**RECORDS FOR THIS TASK**
+++

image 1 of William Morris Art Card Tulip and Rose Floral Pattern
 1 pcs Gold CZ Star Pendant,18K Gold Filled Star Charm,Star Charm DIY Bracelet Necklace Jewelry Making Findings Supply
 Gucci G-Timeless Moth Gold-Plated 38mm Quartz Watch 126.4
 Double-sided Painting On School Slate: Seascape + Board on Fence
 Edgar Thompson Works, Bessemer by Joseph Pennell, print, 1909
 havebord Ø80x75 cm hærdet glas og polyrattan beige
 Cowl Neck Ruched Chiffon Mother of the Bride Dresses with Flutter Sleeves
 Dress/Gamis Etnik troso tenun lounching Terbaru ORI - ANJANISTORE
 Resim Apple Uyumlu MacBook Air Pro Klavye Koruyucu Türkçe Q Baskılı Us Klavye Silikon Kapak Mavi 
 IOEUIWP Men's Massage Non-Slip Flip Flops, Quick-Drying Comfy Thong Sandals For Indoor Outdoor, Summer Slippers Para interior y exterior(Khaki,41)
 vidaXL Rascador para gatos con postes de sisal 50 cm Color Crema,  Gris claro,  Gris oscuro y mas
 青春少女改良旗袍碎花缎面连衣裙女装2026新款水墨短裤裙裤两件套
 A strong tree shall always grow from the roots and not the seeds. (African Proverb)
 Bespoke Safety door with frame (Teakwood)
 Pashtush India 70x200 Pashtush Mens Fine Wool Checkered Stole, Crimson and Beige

+++

**PROBLEM**
Lines before the one containing "Double-sided Painting On" are left out. Repeat that line and all lines after it in the records above exactly.

**EXERCISE ANSWER**
 Double-sided Painting On School Slate: Seascape + Board on Fence
 Edgar Thompson Works, Bessemer by Joseph Pennell, print, 1909
 havebord Ø80x75 cm hærdet glas og polyrattan beige
 Cowl Neck Ruched Chiffon Mother of the Bride Dresses with Flutter Sleeves
 Dress/Gamis Etnik troso tenun lounching Terbaru ORI - ANJANISTORE
 Resim Apple Uyumlu MacBook Air Pro Klavye Koruyucu Türkçe Q Baskılı Us Klavye Silikon Kapak Mavi 
 IOEUIWP Men's Massage Non-Slip Flip Flops, Quick-Drying Comfy Thong Sandals For Indoor Outdoor, Summer Slippers Para interior y exterior(Khaki,41)
 vidaXL Rascador para gatos con postes de sisal 50 cm Color Crema,  Gris claro,  Gris oscuro y mas
 青春少女改良旗袍碎花缎面连衣裙女装2026新款水墨短裤裙裤两件套
 A strong tree shall always grow from the roots and not the seeds. (African Proverb)
 Bespoke Safety door with frame (Teakwood)
 Pashtush India 70x200 Pashtush Mens Fine Wool Checkered Stole, Crimson and Beige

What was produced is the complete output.